When I was a kid we lived in the projects. One day I bumped into a classmate and we decided to hang out. She went to ask permission of her folks while I waited a couple houses down.
A little girl ran down the block, tears streaming down her face. I asked if she was alright. She looked up as she passed by, sniffled, and went into her home. Her mom soon came out the door, looked both directions, saw me, and stormed over. She grabbed me by the arm and started shaking. “Tell me you’re the one who hit my daughter, or I won’t let you go”. I could feel her fingers digging into my flesh.
So I considered the options. And I lied.
She pushed me away, and stomped back into her house. Even as the pink finger marks and discomfort dissipated, the guilt from lying burned in me. I vowed never to give in that way again, no matter what it cost.
It cost plenty.
You stand against bullies, and get the stuffing knocked out of you.

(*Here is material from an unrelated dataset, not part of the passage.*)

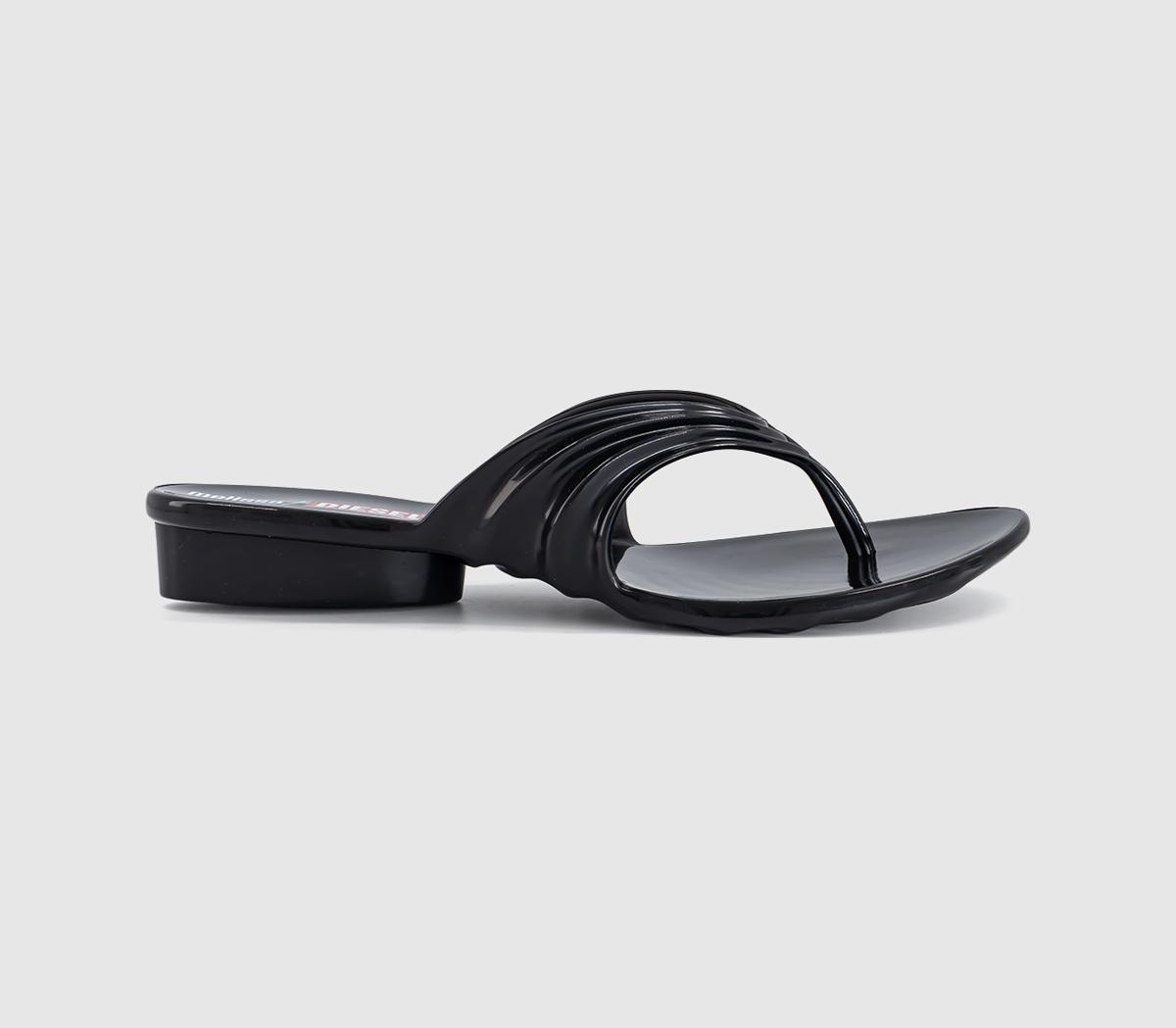 MelissaMelissa X Diesel Quantum Thong SandalsBlack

You counter friends who pick the easy way out. They tear you down to defend their turf, and you lose a friend. It’s like a battlefield amputation. Messy.

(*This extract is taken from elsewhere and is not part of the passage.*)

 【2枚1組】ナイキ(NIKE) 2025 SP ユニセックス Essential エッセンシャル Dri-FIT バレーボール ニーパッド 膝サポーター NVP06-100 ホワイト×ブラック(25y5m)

Once we start choosing expediency over truth, it’s that much easier for expediency to win the next time. When we celebrate Christmas our tendency is the same. We blur the edges and soften the reality. Gifts are fun. Singing is wonderful. Babies are small, helpless, and cute. But the truth is, Jesus isn’t a baby anymore. He’s not “safe”. We serve a risen Christ, One who will judge the earth with perpetual and massive judgements. We belong to the God who created everything, a consuming fire. Not some helpless child, who needs a diaper change.